10 Best Fiction Books I Read in 2019

Bleak House by Charles Dickens. I have a goal of reading one books that I haven’t already read by Dickens each year until I’ve read all of his novels. I’ve already read Pickwick Papers, Nicholas Nickleby, Oliver Twist, A Christmas Carol, David Copperfield, A Tale of Two Cities, Great Expectations, and now, Bleak House. Any suggestions for a Dickens novel for 2020?

The Thief by Megan Whalen Turner. I actually read several of the books in Turner’s Queen’s Thief series this year and enjoyed them all. The first time I read The Thief, I wasn’t that impressed, but this time I really dived into the series headfirst and found it fascinating in its treatment of personality, relationship, and political intrigue.

Great Northern? A Scottish Adventure of Swallows and Amazons by Arthur Ransome. I highly recommend the Swallows and Amazons series. I also read We Didn’t Mean To Go To Sea this year and it was just as good as the others in the series. I just have one or two more Swallows and Amazons books to read, and then I’ll have to throw a party or something Finishing the series seems to require a party or something.

Forward Me Back to You by Mitali Perkins. Great YA fiction, published in 2019.

A Lantern in Her Hand by Bess Streeter Aldrich. I just finished this family saga/woman’s life story novel a week or so before Christmas, and I loved it it. I want to read more books by this author.

Gaudy Night by Dorothy Sayers. This was a re-read along with the Literary Life Podcast with Angelina Stanford and Cindy Rollins, and I enjoyed it just as much as I did the first time I read it.

Cry, the Beloved Country by Alan Paton. This was also a re-read for me, this time in conjunction with my in-person book club that just started this fall. Such a good, but heart-rending story.
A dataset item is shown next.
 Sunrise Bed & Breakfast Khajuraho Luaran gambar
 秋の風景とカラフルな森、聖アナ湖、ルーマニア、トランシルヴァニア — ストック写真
The Iron Lily by Barbara Willard. I enjoyed reading all of the Mantlemass Chronicles by Willard this year, but this one may have been my favorite.

The Friendship War by Andrew Clements. Deceptively simple story about a button-collecting fad that reveals a lot about character and friendship in a group of elementary age children. Mr. Clements died late this year, after having published a number of solidly entertaining middle grade fiction titles over the course of his career. His most well-known book is probably Frindle, about a class of fifth graders who make up a new word and campaign to have it accepted into the language.

A Dawn in the Trees: The Thomas Jefferson Years, 1776-1789 by Leonard Wibberley. This book, too, was a part of a series of mildly fictionalized biographical novels about our illustrious third president. I like Jefferson better in fiction than in fact. I did enjoy these books about the story of Jefferson’s life.

What are the best fiction books you’ve read this year? What fiction are you looking forward to reading in 2020?